Even after Jerry took over Jim and Tammy Faye Bakker’s operation in the wake of the PTL scandal—raising money in an ultimately failed attempt to save it—and attendance at his own church began to wane (the folding chairs were no longer needed), we scoffed at the TV depictions of Jerry. The notion of him making power plays was ridiculous. He was doing the Lord's work, and it took a strong hand to make such vision happen. Yeah, he asked for lots of money but God's work takes a lot of that.

I remember my mom being especially excited about helping Jerry into his commencement regalia one year (there was even a photo!). It was a privilege to be so close, to be of use to someone God himself was using in such a special way. In our tiny conservative world, Jerry was a star.

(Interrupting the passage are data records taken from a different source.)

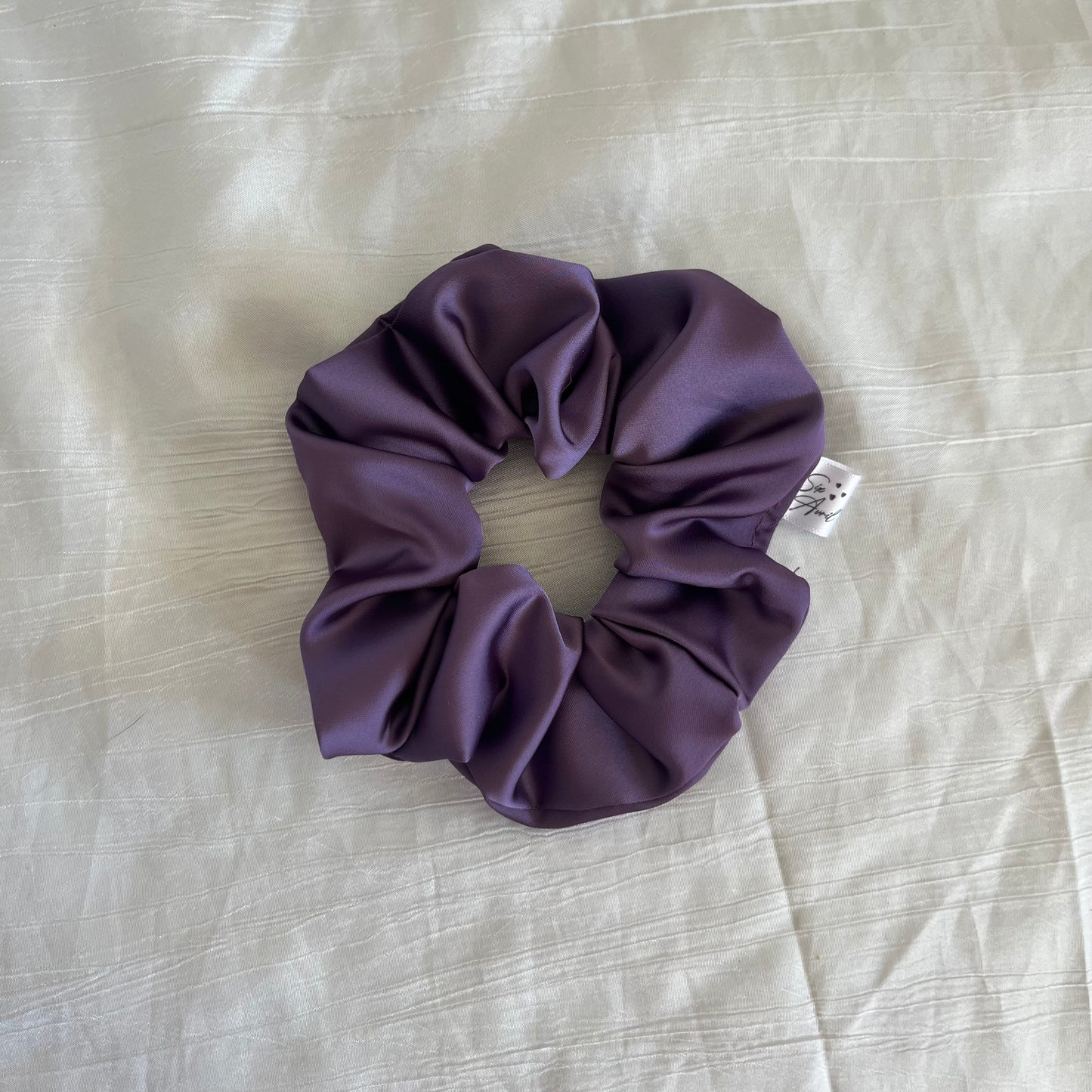 Chouchou Scrunchie en satin Violet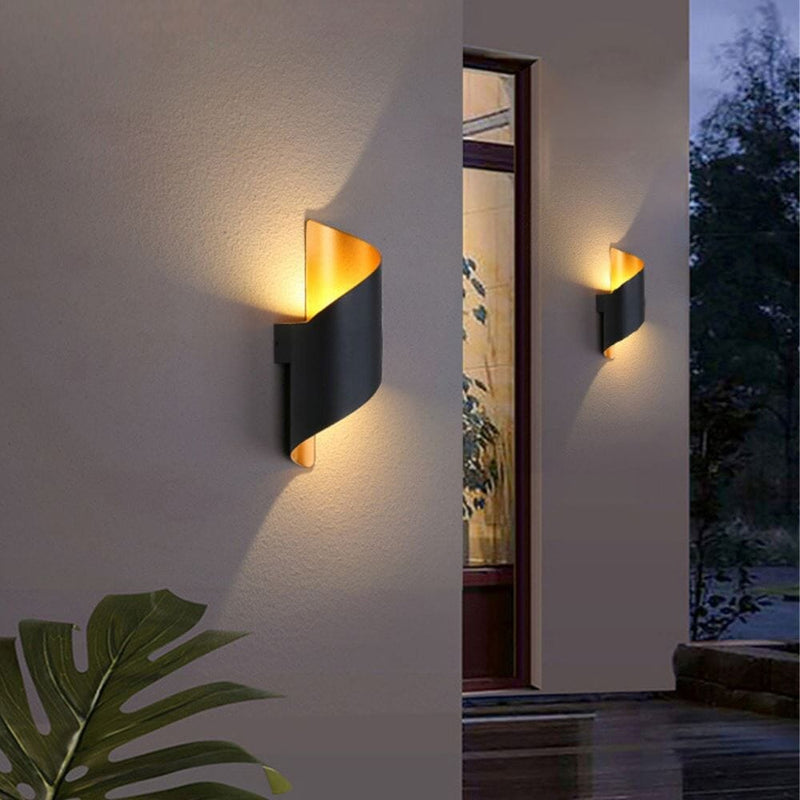 Luminária Arandela de Parede Potenza Bronze Impermeável Conceito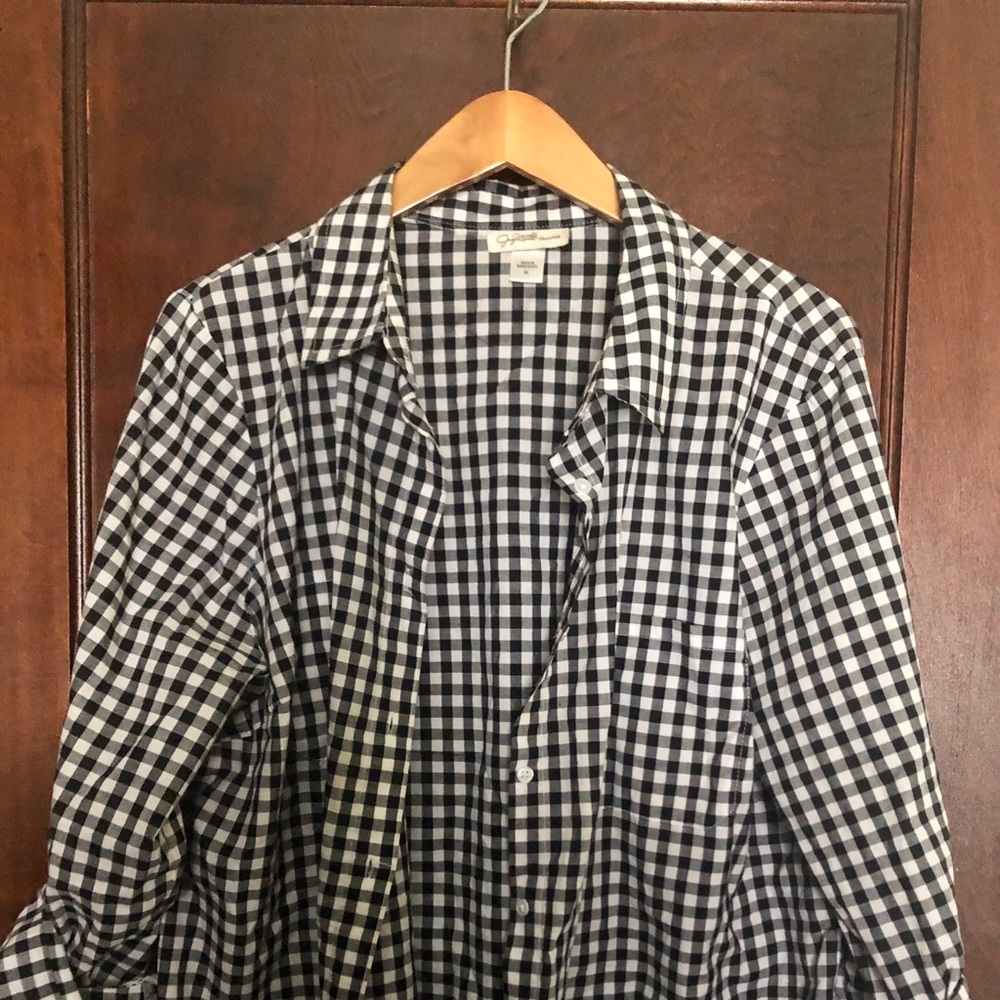 Black and White Gingham Women’s Button-Up Size XL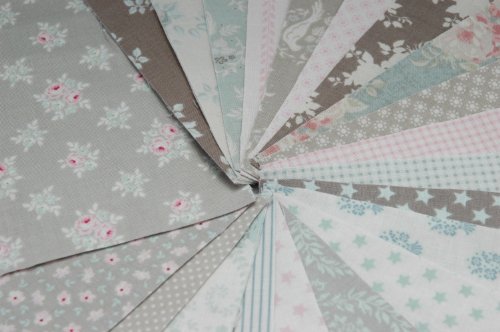 Tilda All That is Spring Patchwork-Stoffe 42 Stück Braun, Taupe, Pink, Blau, Creme 12,5 x 12,5 cm, für Quilten, Blumen, Punkte, Sterne, Streifen, Karomuster5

When I was 14 my mom got sick with cancer, and Jerry stopped by the hospital room several times. He would pray with her and for her. A common practice, he put her at the top of the prayer list and asked for the congregation to pray for her at all the church services. "Pray for a miracle," he would say. She only left the hospital briefly in the months that followed. But she still insisted on going to church, auburn wig and ice-cubed lips and all. Jerry recognized her in the crowd, had her stand (barely, and with help on all sides). "We're praying for you," he said from the pulpit. And I'm sure that meant the world to her.

He officiated at her memorial service shortly after, shook hands and consoled us for our loss. He probably said something like, "It's hard for us to understand, but God has a reason. It's all part of His plan." For me, it was the beginning of the end of my faith. I was a momma's boy and I could never quite get over God taking her away so young—watching her balloon, yellow, crackle and die. I had prayed hard, hard like they said, prayed for a miracle. Plus, we had had Jerry on our side. He was the guy who could move mountains.